PROBLEM REQUIREMENTS: Return only the lines below starting at the line containing "Lemon Color Pure" and ending at the line containing "Gewebte Tischsets 1–6", both included, exactly as they are and with no pictures.

——————————

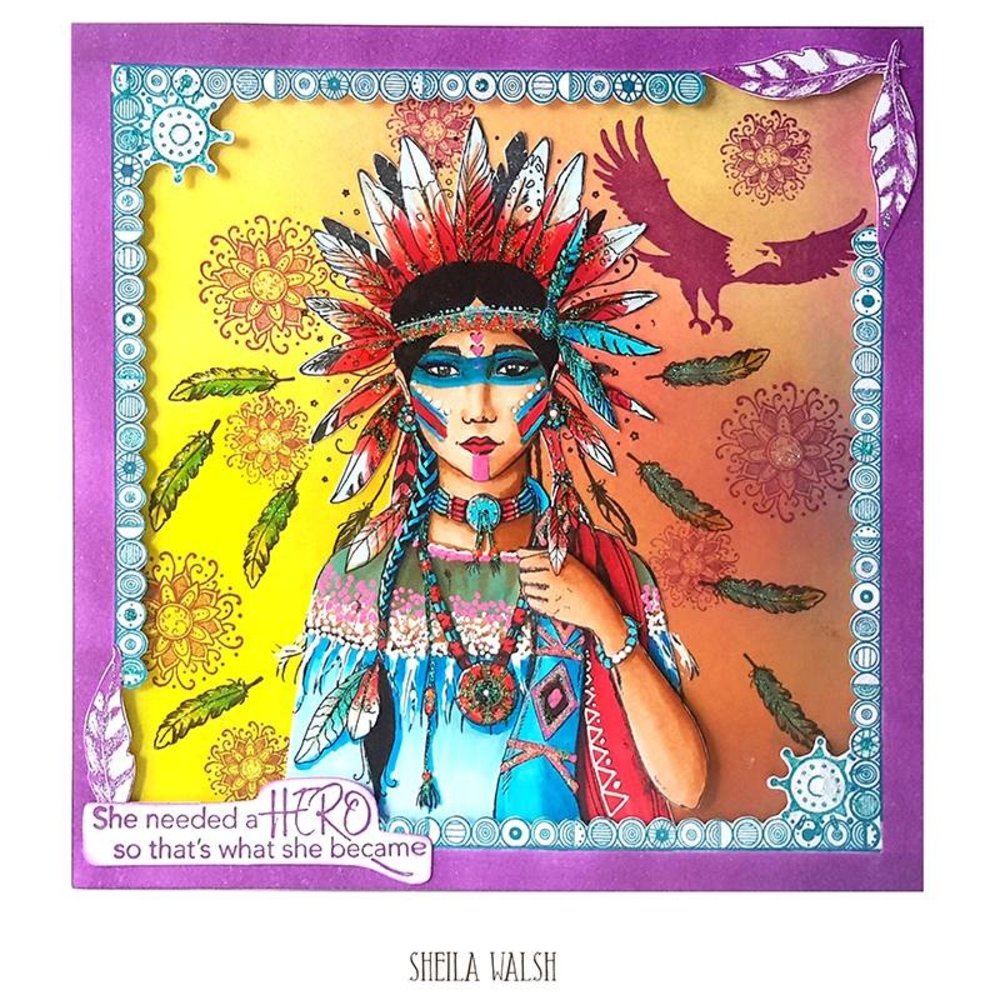 Pink Ink Designs Spirit Warrior A5 Clear Stamp (PI106) (OUTLET)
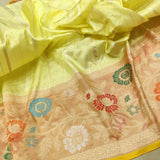 Lemon Color Pure Katan Silk Handwoven Banarasi Saree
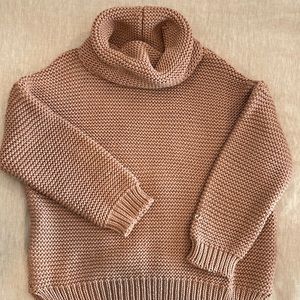 Beige Knit Turtle Neck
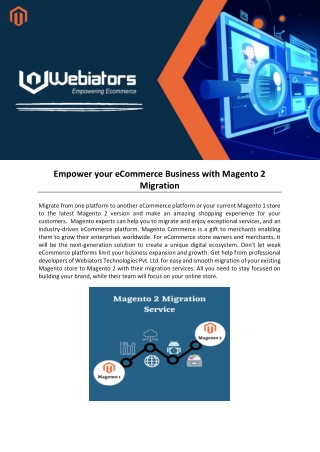 Empower your eCommerce Business with Magento 2 Migration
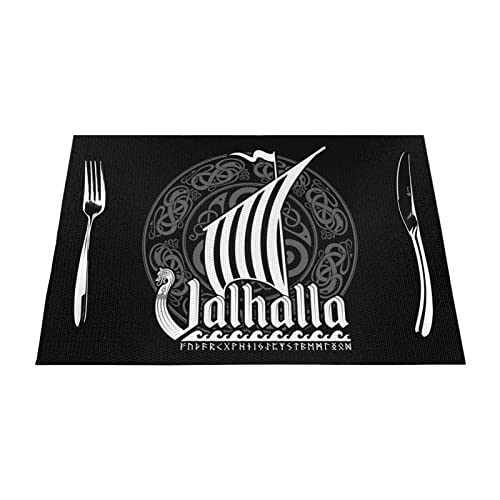 Gewebte Tischsets 1–6 Sets Wikinger Boot Valhalla waschbare PVC-Tischsets für Esstisch, geeignet für Küchentischmatten, 30 x 45 cm (4 Stück) von NIBABAEU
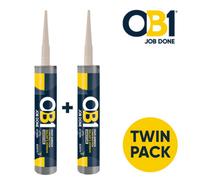 Ob1 Multi-Surface Sealant & Adhesive Sandstone - 2 X 290Ml - Ideal For Kitchens, Bathrooms, Windows, Indoor & Outdoor, Waterproof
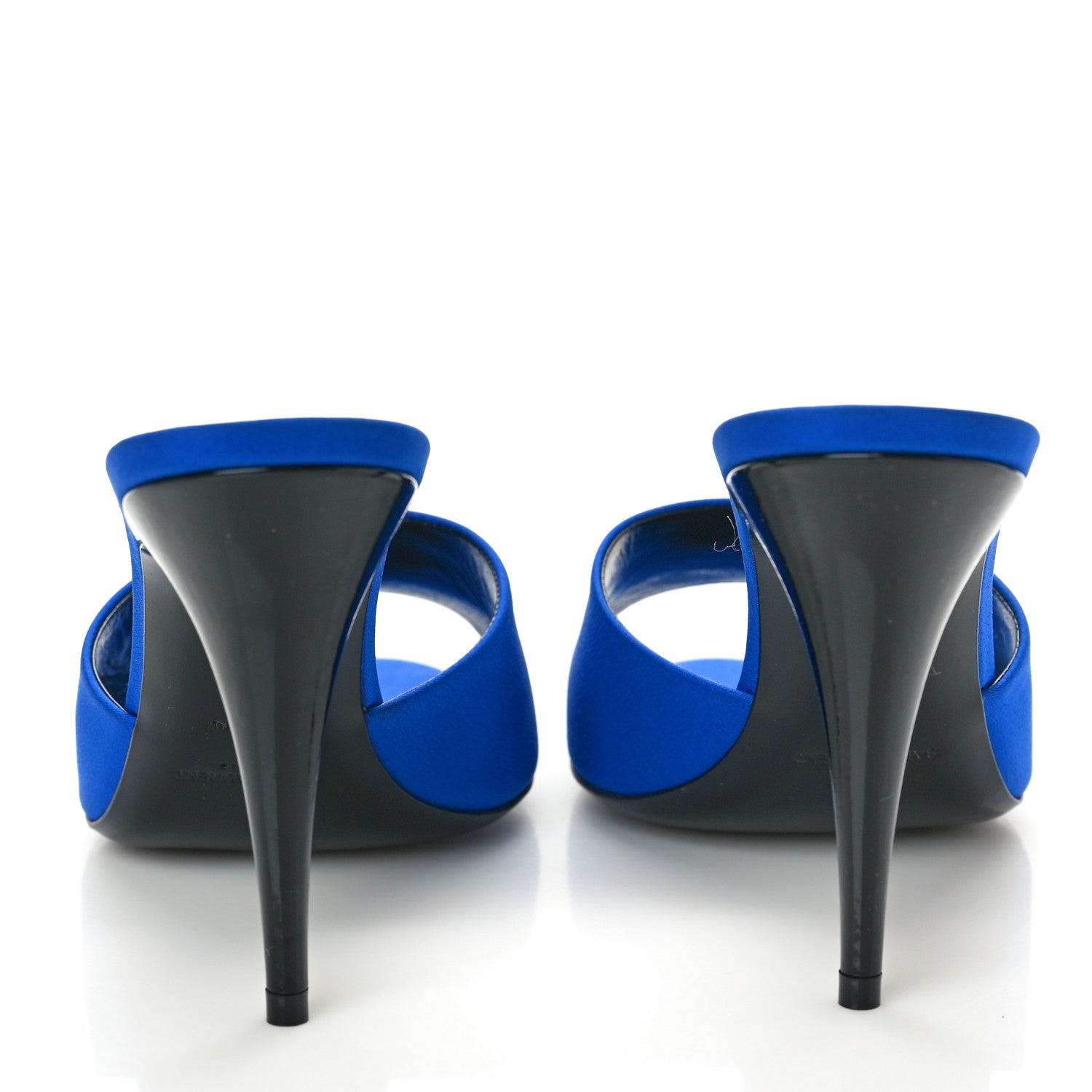 Saint Laurent Crepe De Chine Suite Mule Sandals 39 Picasso Blue 5 of 10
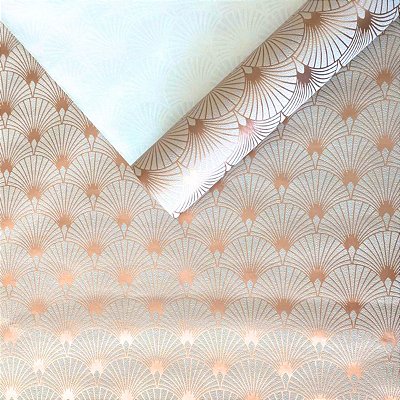 Papel de Parede Rose Gold Art Déco Com Textura Importado 10M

——————————

TASK OUTPUT:
 Lemon Color Pure Katan Silk Handwoven Banarasi Saree
 Beige Knit Turtle Neck
 Empower your eCommerce Business with Magento 2 Migration
 Gewebte Tischsets 1–6 Sets Wikinger Boot Valhalla waschbare PVC-Tischsets für Esstisch, geeignet für Küchentischmatten, 30 x 45 cm (4 Stück) von NIBABAEU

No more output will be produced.